Shinzo Abe est né en 1954. C’est dans cette atmosphère empreinte de nostalgie qu’il va grandir. Son oncle, Eisaku Satō, (1901-1975), a été lui-même Premier ministre de 1964 à 1970, suivant les pas du pacifiste Kan Abe. Mais ce sont les figures de son arrière-grand-père, le vicomte Ōshima Yoshimasa , et celle de Nobusuke Kishi qui vont s’imposer à lui. Ce dernier est une référence pour le jeune homme qui, après des études de droit, va se former aux États-Unis entre 1978 et 1979. Employé dans une usine de construction d’acier afin qu’il se confronte à la vie des ouvriers, Shinzo Abe commence sa carrière politique auprès de son père en 1982. Elle sera fulgurante. Ce conservateur va se forger très rapidement une réputation de fermeté qui lui servira lorsqu’il devra négocier la libération de 5 japonais, enlevés par la Corée du Nord depuis des plages nippones. Député en 1996, il sera constamment élu à son siège. Devenu secrétaire-général du PLD, il accède finalement au rang de Premier ministre, le plus jeune de l’histoire, en 2006.  Une expérience d’un an qui est un échec et dont il va tirer les leçons. Après une traversée du désert, il retrouve son poste en 2012. Nationaliste convaincu, Shinzo Abe n’hésite pas à rendre publiquement hommage aux anciens héros de la Seconde Guerre mondiale enterrés au sanctuaire Yasukuni.  Membre de la Nippon Kaigi, un groupe d’ultra-monarchistes qui a largement infiltré le parlement et le gouvernement, influencé par un second groupe, l’Association pour la restauration du Japon (ARJ), il devient peu à peu l’étendard d’un Japon militariste.

Nobuo Kishi @Dynastie

Un nationalisme décomplexé

Ses réformes (notamment économiques et natalistes) sont aussi populaires que controversées pour certaines. Les manuels d’Histoire sont réadaptés à un enseignement plus conforme au mode de pensée nationaliste (on évoque même du révisionnisme décomplexé, niant l’existence des femmes de confort en Corée ou en Chine durant le conflit mondial) et certains journalistes feront les frais des critiques émises contre le gouvernement. Le vice-premier ministre, Tarō Asō (Premier ministre de 2008 à 2009, lui-même issu d’une grande dynastie politique, aristocratique et industrielle) n’hésitera pas à se vanter de s’être inspiré des méthodes socialistes-nationalistes pour arriver à faire modifier la constitution (qui autorisé la création des Forces japonaises d’autodéfense) afin qu’elle soit conforme à la ligne de pensée nationaliste (le gouvernement réintroduit également l’enseignement du patriotisme, le salut au drapeau et le chant de l’hymne national) . Les tensions avec la Chine seront récurrentes ; Pékin menaçant directement le Japon à diverses reprises. Partisan de la monarchie absolue, cet allié des États-Unis s’opposera à toute réforme de la loi de succession au trône, barrant ainsi tout accès aux femmes de prendre la tête du Soleil levant.  Contraint à la démission pour des raisons de santé en 2020, Shinzo Abe laissera derrière lui un héritage au parfum d’antan.
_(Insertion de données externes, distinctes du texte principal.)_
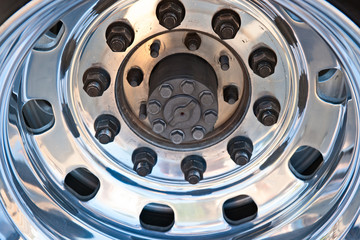 Closeup view of a sports car wheel rim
Victime d’un attentat ce 8 juillet 2022  perpétré par un ancien militaire, alors qu’il prononçait un discours de campagne, il n’a pas survécu à ses blessures. L’aventure politique de la famille Abe est pourtant loin d’être terminée. Elle se poursuit encore aujourd’hui avec le frère de Shinzo Abe, Nobuo Kishi (63 ans), député depuis 2004, actuel ministre de la défense du gouvernement japonais et membre de la Nippon Kaigi.